Since 1997, the Bran Castle in Bran near Brașov has been marketed as "Dracula's Castle". The website promoting it claims it was one of Vlad the Impaler's temporary residences. Since Van Helsing and Mina in Chapter 25 do not identify Count Dracula as the historical Vlad III Dracula but as a nameless "other of race", living "in a later age", this claim – true or not – does not support the identification of Stoker's fictitious building with the Bran Castle. However, in Chapter 18, Van Helsing confirms Dracula and Vlad are one and the same: "He must, indeed, have been that Voivode Dracula who won his name against the Turk, over the great river on the very frontier of Turkey-land." For the same reason, the Poenari Castle in Argeș County does not qualify as the "real" Dracula Castle; Stoker never heard of the Poenari fortress. Both the Bran Castle and the Poenari Castle are more than 100 miles away from the site Stoker actually selected and took down in a cryptic handwritten note. The Hotel Castel Dracula, located in Piâtra Fântânele in the Borgo Pass, which promotes itself as being constructed at the place of Stoker's Castle, at least is located at the point where Harker left the post carriage from Bistritz to Bukovina to be picked up by the Count; their route must have led over the former watchpost of Dornișoara towards the Călimani Mountains peaks in the south-east.

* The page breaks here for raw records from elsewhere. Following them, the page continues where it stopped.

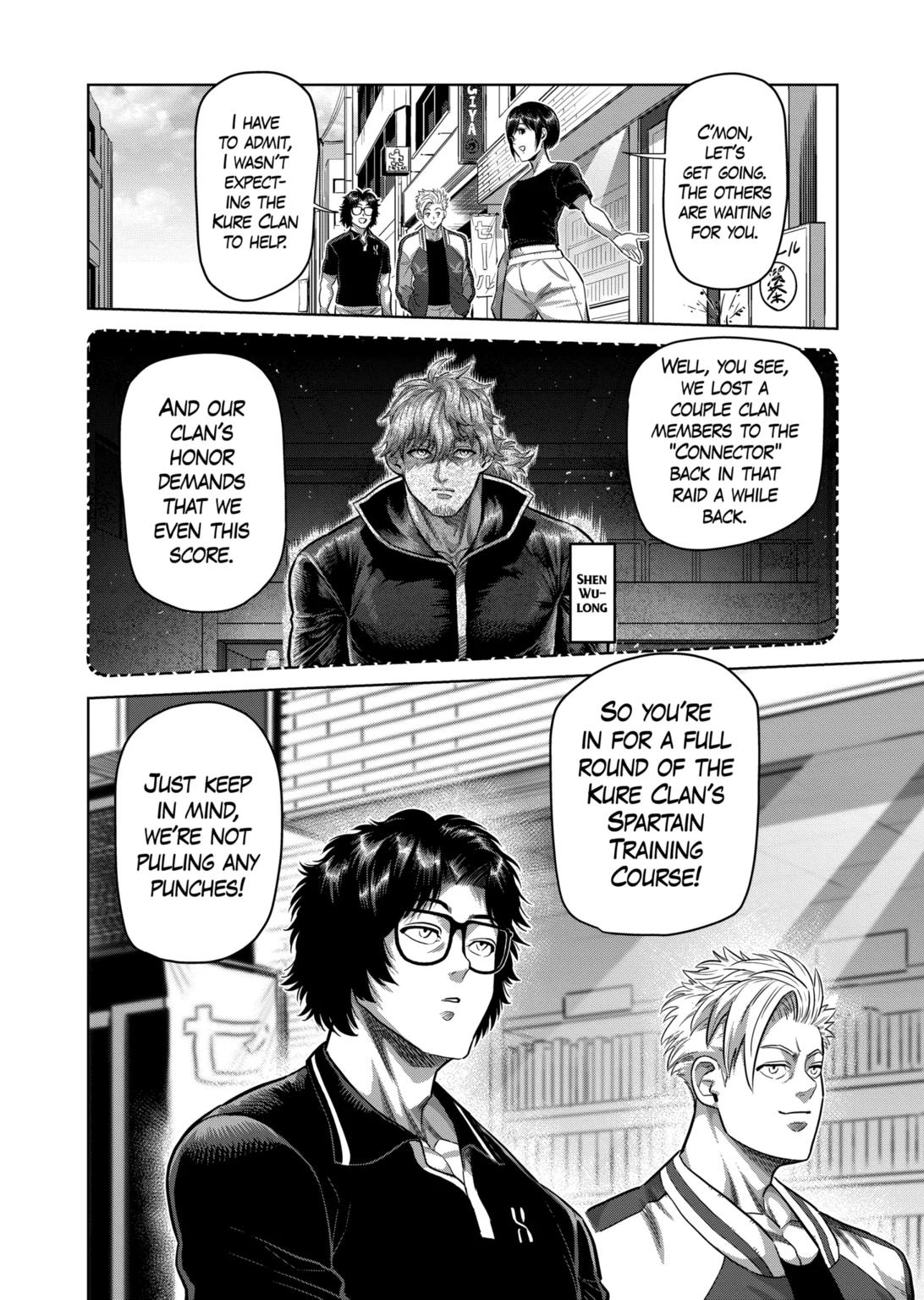 Page 18 of Chapter 294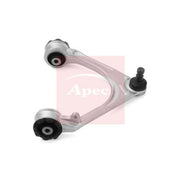 Apec Control/Trailing Arm Front Right AST2758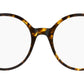 MARC 746 086 Havana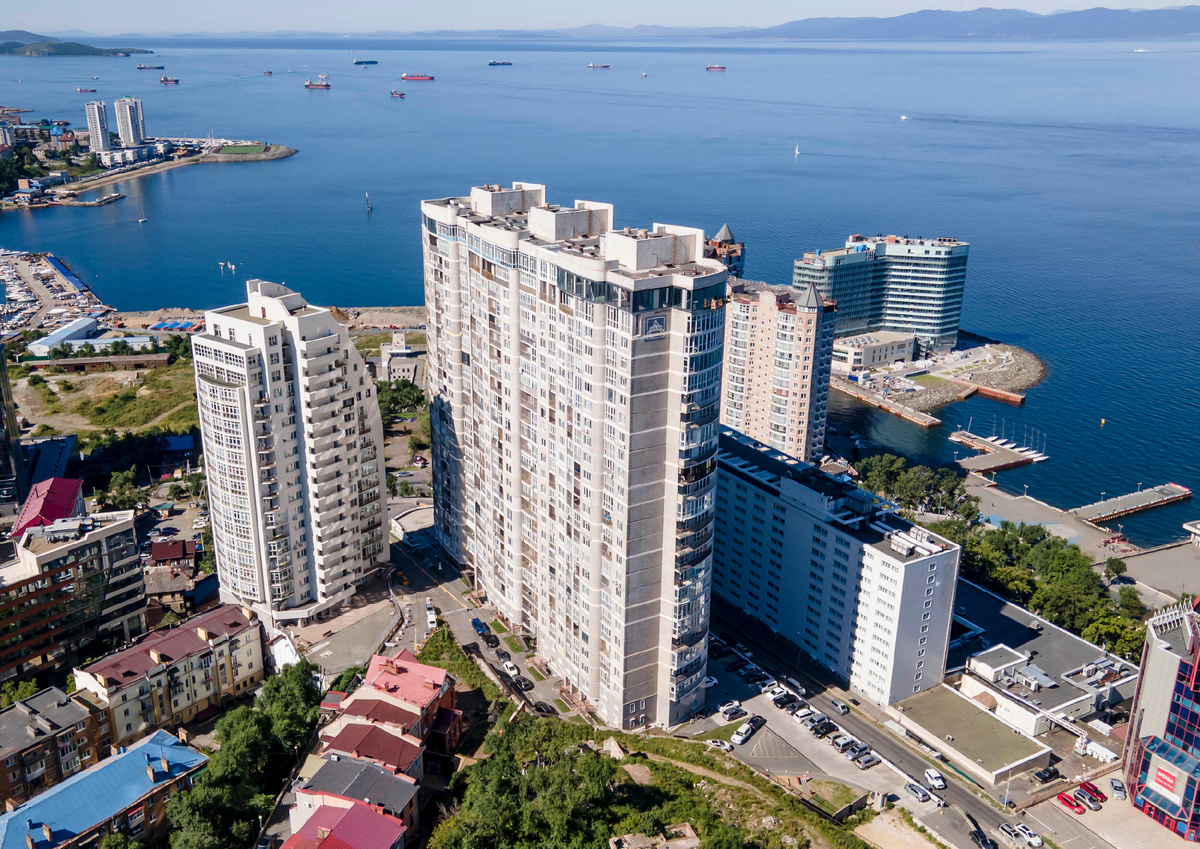 Как выглядит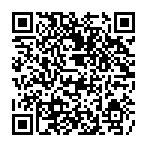 www.house-info.tw房屋網-找南投縣房屋-QRCode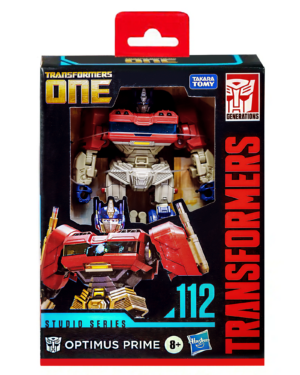 trasformatori-one-studio-serie-112-optimus-prime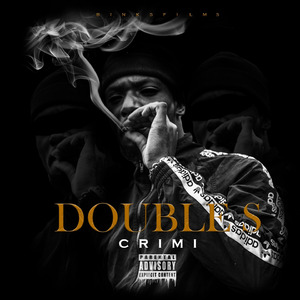 Double s (Crimi)
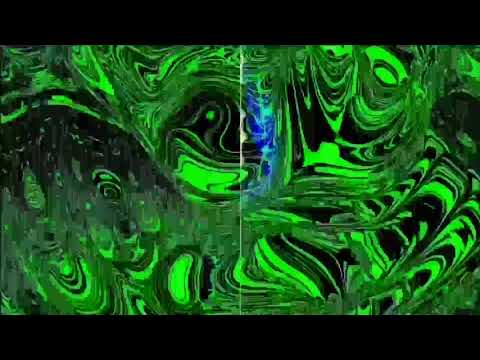 Cotti dubstep ragga mix 2008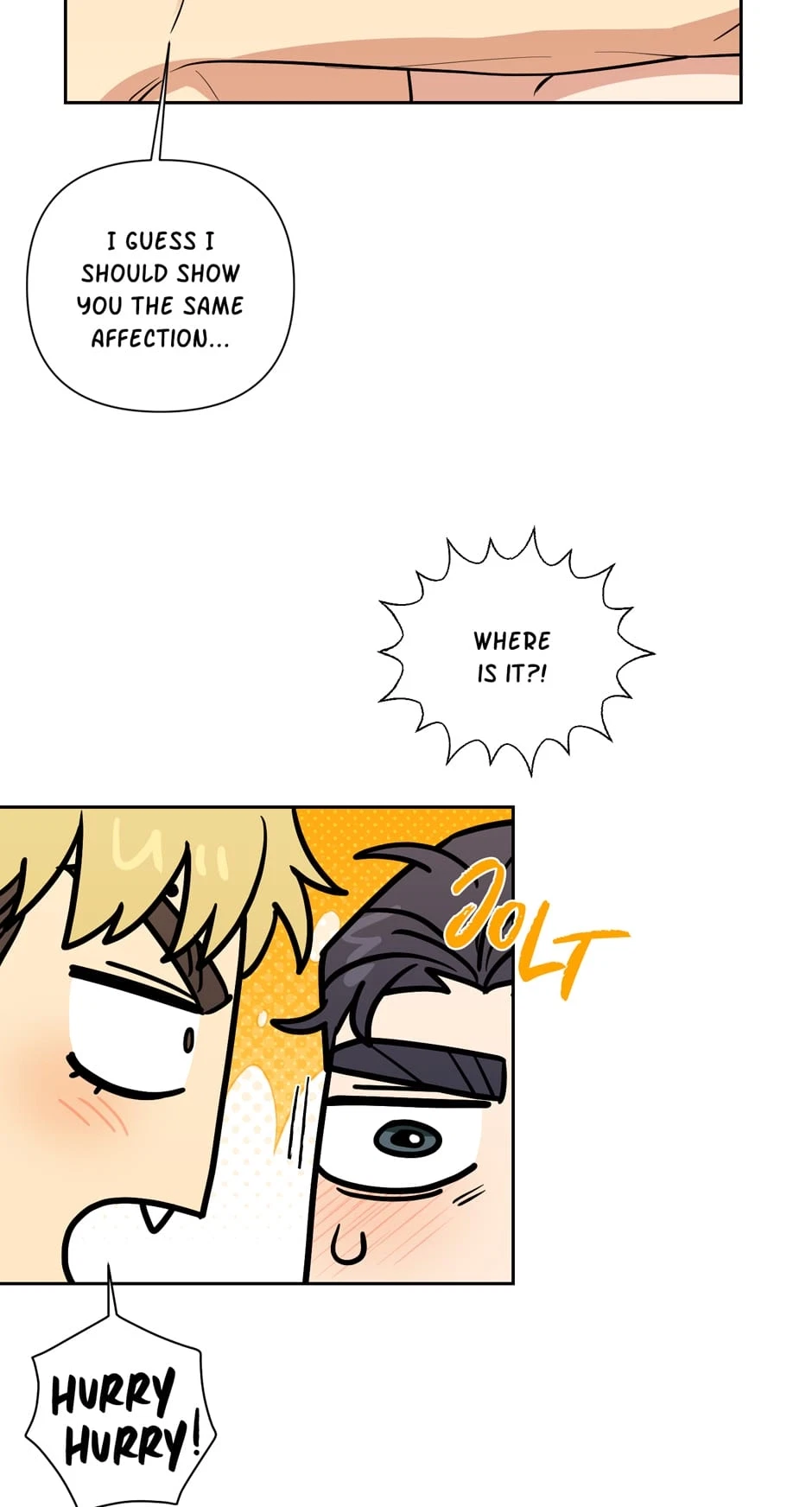 Chapter 17, page 78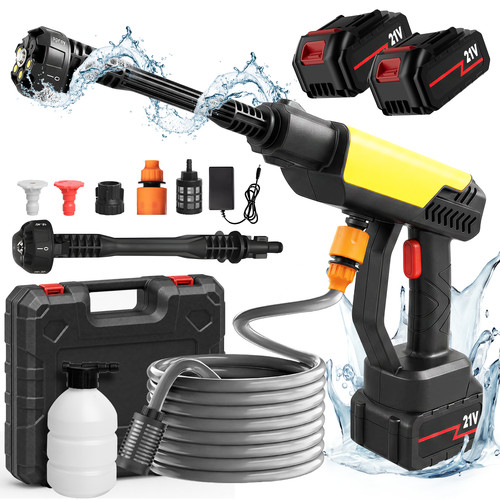 Battery portable cordless - battery,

Castle Dracula in popular culture

Because of its outstanding role in one of the best-known works of fiction of all time, Castle Dracula appears in numerous movies like Blood of Dracula's Castle and other Dracula-based films. There are video games called Dracula's Castle, Escape Dracula's Castle,Restore Dracula's Castle and Demon Castle Dracula ; the latter is best known to the west as Castlevania. A prosecco produced by a descendant of the Bassarab dynasty bears the name .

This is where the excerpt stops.